Physically interactive and augmented reality is increasingly used; ARCS model and game-based learning requirements for digital learning applications have become critical. Learners can learn effectively when they use multimedia-assisted learning systems, which motivates them to focus on the information presented and effectively retain the information. Lu and Yao stated that presenting abstract material using multimedia enables learners to clearly understand the material, and audio and visual displays allow learners to interact with the material [3]. Although a teacher's professional education seems to play a vital role in the teaching process, innovative instructional designs that differ from traditional teaching designs must be developed. The education mode must be changed from “technology-adapted instruction” to “instruction-adapted technology” [4]. Most learners demonstrate difficulty with reasoning and the conversion of shape and space in elementary school mathematics education, causing learning achievement in this unit to be lower than that in other units [5]. However, spatial ability plays a crucial role in learning geometry [6].

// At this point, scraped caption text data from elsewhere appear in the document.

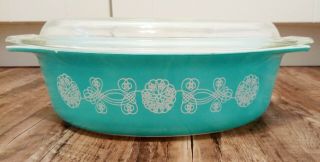 Pyrex Lace Medallion 045 2.  5 Qt Promo Oval Casserole With Clear Lid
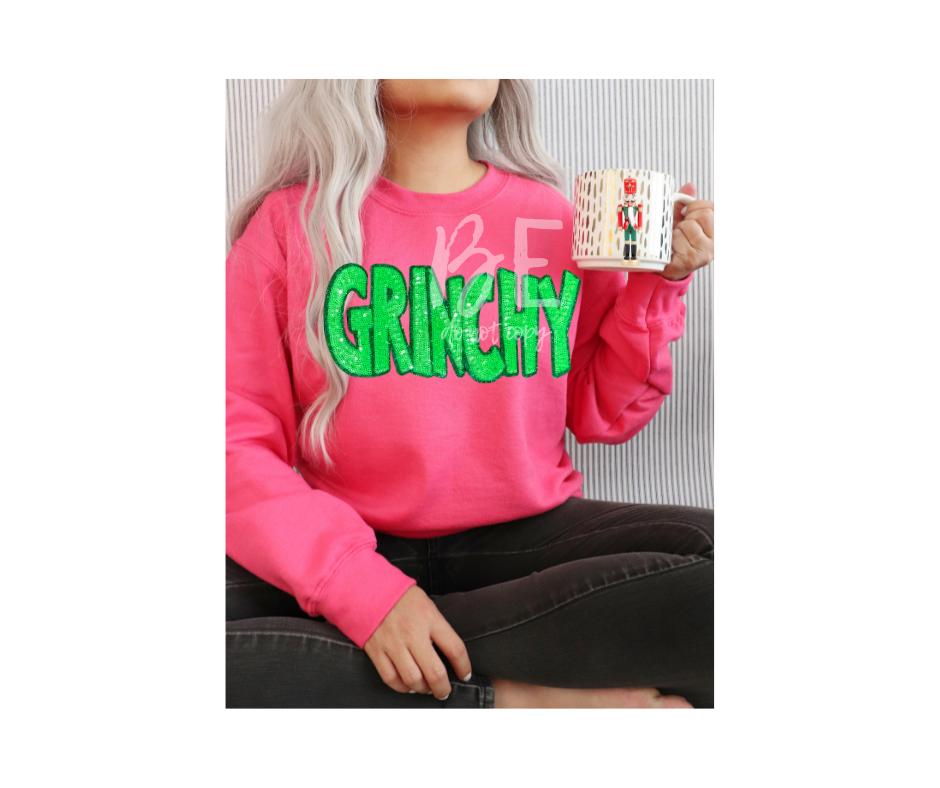 Grinchy Patch | Green Sequins Grinchy Patch | Iron On Patch | Great for Grinchy Sweatshirt / Grinchy Top | In Stock Ready to Ship Patch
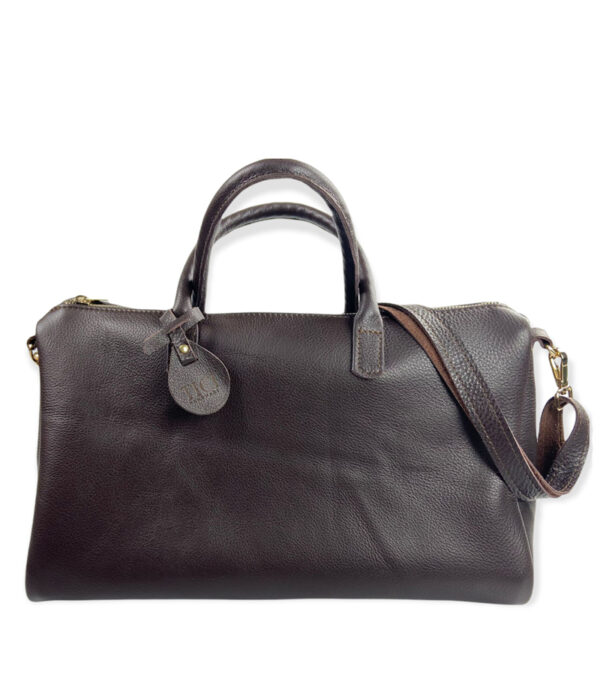 Handcrafted dark brown leather women's shopping bag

The National Council of Teachers of Mathematics [7] suggested that geometry helps students to analyze the characteristics of geometric shapes as well as to use visualization, spatial reasoning, and geometric modeling to solve problems. Van Hiele [8] described a theory of mathematical education, the development of geometric thought, to enhance the achievement of learning and to promote learner comprehension. Van Hiele suggested five teaching phases in designing teaching methods and materials step by step. This model of teaching phases was used as the fundamental theoretical framework for this study. Game-based learning (GBL) is an instructional method that incorporates educational content or learning principles into video games to engage learners. The use of this method in the field of natural science and technology has increasingly been an object of study in recent years. Learning through digital games not only increases motivation, active learning, and individual learning opportunities, but also reduces the learning pressure experienced by learners.
The primary focus of this study was on developing and evaluating a cubic net interactive system using the Kinect sensor for enhancing learners’ spatial ability. We developed courseware for interactive learning using an interactive cubic net system and applied it in a lesson on space geometry at an elementary school. The content of the system was based on the geometric learning theory, and real-time three-dimensional (3D) objects were used to provide various viewing angle controls. A qualitative analysis was also performed to evaluate the learners’ interaction with the Kinect sensor design through observation records, video recording, and structural interviews.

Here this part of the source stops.